Looking ahead, the GCC will play a key role in supporting the industry’s growth.
“We think that Saudi Arabia’s banking system performance will continue to underpin a large portion of the expanding Islamic finance industry. In other GCC countries, growth of about 5 per cent appears plausible in the absence of new major government investment cycles.”
In South-East Asia, the Islamic banking industry is likely to grow at around 8 per cent over the next couple of years, despite an economic slowdown in the major markets of Malaysia and Indonesia.
“Robust demand for Islamic products and services and low penetration, particularly in Indonesia, support this trend. In both markets, we expect Islamic banking to continue to gain market share as growth outpaces conventional banking,” S&P said.
It also stressed that while sustainability-linked sukuk issuance remains limited, this trend will change as issuers try to meet investor demand and core Islamic finance countries seek to reduce their carbon footprint and support the global energy transition.

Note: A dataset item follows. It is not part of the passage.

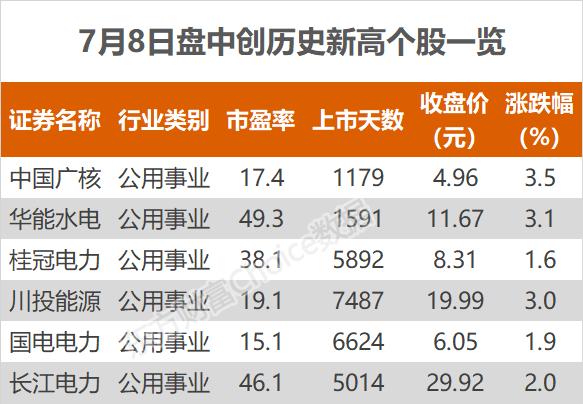 沪指跌0.93% 中国广核、长江电力等创历史新高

“Many Islamic finance countries are pursuing strategies to help them transition to greener economies. We believe this indicates growth potential for green sukuk issuance and expect to see greater activity in this space as issuers tap global investor interest,” the report said.
In the past three years, many banks in core Islamic finance countries have also issued sustainability plans, which will further support the sector.
“We therefore expect green products and services for corporate and retail customers will contribute to the growth of Islamic banking assets,” it added.